### WHAT THE TASK ASKS
Please transcribe every record below exactly as it appears.

[Scraped caption text data]
════════
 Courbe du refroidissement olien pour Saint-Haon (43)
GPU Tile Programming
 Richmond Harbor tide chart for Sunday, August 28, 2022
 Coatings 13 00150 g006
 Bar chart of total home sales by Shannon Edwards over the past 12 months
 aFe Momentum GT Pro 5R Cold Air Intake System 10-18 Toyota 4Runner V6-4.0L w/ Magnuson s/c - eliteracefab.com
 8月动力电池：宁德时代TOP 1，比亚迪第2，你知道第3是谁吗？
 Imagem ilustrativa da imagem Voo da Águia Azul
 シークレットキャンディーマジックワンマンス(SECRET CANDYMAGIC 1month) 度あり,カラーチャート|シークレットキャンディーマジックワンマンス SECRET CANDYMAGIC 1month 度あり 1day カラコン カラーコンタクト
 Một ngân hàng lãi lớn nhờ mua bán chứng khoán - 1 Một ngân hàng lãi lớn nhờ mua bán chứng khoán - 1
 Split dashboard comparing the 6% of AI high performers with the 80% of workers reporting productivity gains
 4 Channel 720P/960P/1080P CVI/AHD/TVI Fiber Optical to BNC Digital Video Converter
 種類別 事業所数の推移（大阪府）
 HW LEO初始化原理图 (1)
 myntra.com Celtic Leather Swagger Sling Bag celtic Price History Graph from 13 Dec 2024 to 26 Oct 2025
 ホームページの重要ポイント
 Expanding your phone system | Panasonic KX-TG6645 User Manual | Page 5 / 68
════════
### SOLUTION TO THE PROBLEM
 Courbe du refroidissement olien pour Saint-Haon (43)
GPU Tile Programming
 Richmond Harbor tide chart for Sunday, August 28, 2022
 Coatings 13 00150 g006
 Bar chart of total home sales by Shannon Edwards over the past 12 months
 aFe Momentum GT Pro 5R Cold Air Intake System 10-18 Toyota 4Runner V6-4.0L w/ Magnuson s/c - eliteracefab.com
 8月动力电池：宁德时代TOP 1，比亚迪第2，你知道第3是谁吗？
 Imagem ilustrativa da imagem Voo da Águia Azul
 シークレットキャンディーマジックワンマンス(SECRET CANDYMAGIC 1month) 度あり,カラーチャート|シークレットキャンディーマジックワンマンス SECRET CANDYMAGIC 1month 度あり 1day カラコン カラーコンタクト
 Một ngân hàng lãi lớn nhờ mua bán chứng khoán - 1 Một ngân hàng lãi lớn nhờ mua bán chứng khoán - 1
 Split dashboard comparing the 6% of AI high performers with the 80% of workers reporting productivity gains
 4 Channel 720P/960P/1080P CVI/AHD/TVI Fiber Optical to BNC Digital Video Converter
 種類別 事業所数の推移（大阪府）
 HW LEO初始化原理图 (1)
 myntra.com Celtic Leather Swagger Sling Bag celtic Price History Graph from 13 Dec 2024 to 26 Oct 2025
 ホームページの重要ポイント
 Expanding your phone system | Panasonic KX-TG6645 User Manual | Page 5 / 68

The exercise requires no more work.